**Your task**
Print only the lines below from the one with "wall murals Sakura" to the one with "00702 Smartstandard 7ft", both included, exactly as they stand. Leave pictures out.

**Records for the exercise**
- Opening Delimiter -

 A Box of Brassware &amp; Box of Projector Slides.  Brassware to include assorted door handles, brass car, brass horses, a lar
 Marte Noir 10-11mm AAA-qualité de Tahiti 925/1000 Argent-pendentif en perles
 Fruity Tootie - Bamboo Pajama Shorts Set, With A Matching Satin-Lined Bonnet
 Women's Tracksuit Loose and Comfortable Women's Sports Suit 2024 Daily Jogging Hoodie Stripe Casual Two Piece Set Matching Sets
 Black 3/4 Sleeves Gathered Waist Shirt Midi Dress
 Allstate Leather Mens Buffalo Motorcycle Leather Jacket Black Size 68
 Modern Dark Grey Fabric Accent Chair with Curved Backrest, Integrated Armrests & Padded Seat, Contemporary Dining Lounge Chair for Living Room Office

- Closing Delimiter -
- Opening Delimiter -

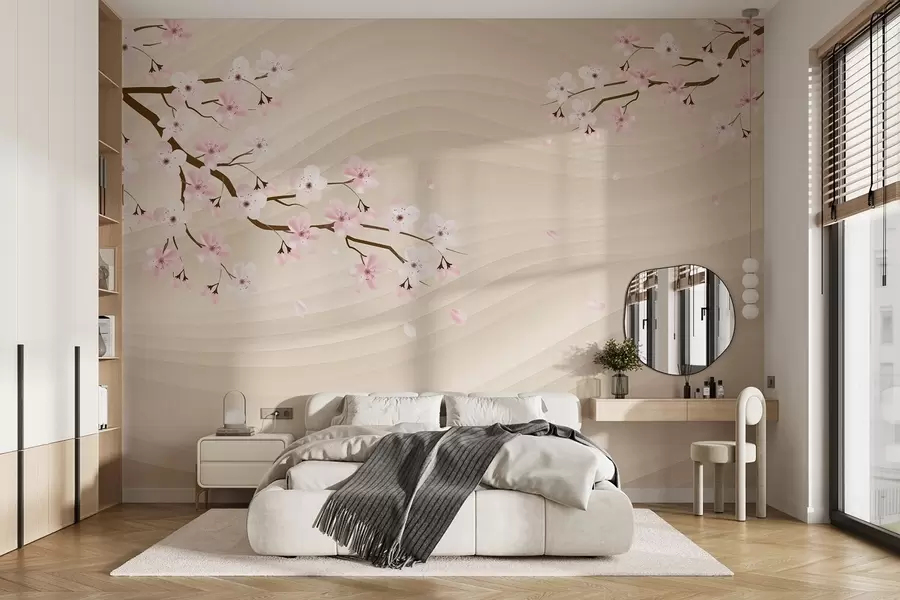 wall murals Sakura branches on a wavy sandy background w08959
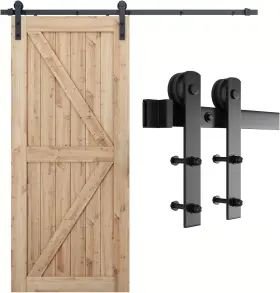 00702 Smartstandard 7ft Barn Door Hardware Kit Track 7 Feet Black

- Closing Delimiter -

**Expected output**
 wall murals Sakura branches on a wavy sandy background w08959
 00702 Smartstandard 7ft Barn Door Hardware Kit Track 7 Feet Black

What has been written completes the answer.